[SUPPLIED INFORMATION]:
----
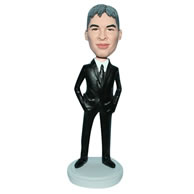 Custom handsome man in black suit  bobble head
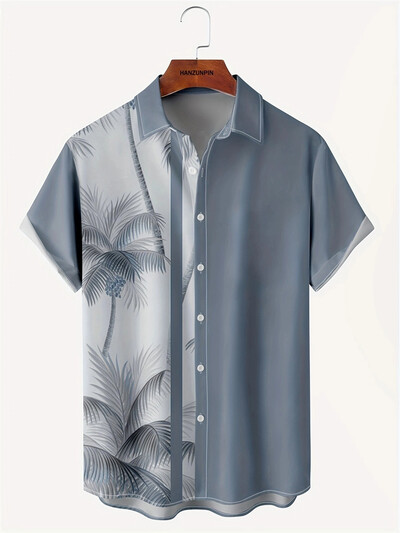 2024 Fashion Ink Bamboo Leaves Kolmemõõtmeline trükiga kraega särk Meeste vabaaja lühikeste varrukatega särk Suvine lahtine poiste särk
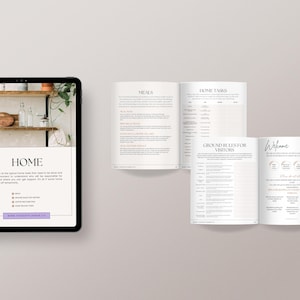 May include: A digital guide for home management with sections for meals, home tasks, ground rules for visitors, and a welcome section. The cover image shows a kitchen with shelves and a plant.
----
[WHAT YOU WILL DO]: The data needs to be reproduced exactly, please, apart from its pictures.

[RESPONSE TO THIS EXERCISE]:
 Custom handsome man in black suit  bobble head
 2024 Fashion Ink Bamboo Leaves Kolmemõõtmeline trükiga kraega särk Meeste vabaaja lühikeste varrukatega särk Suvine lahtine poiste särk
 May include: A digital guide for home management with sections for meals, home tasks, ground rules for visitors, and a welcome section. The cover image shows a kitchen with shelves and a plant.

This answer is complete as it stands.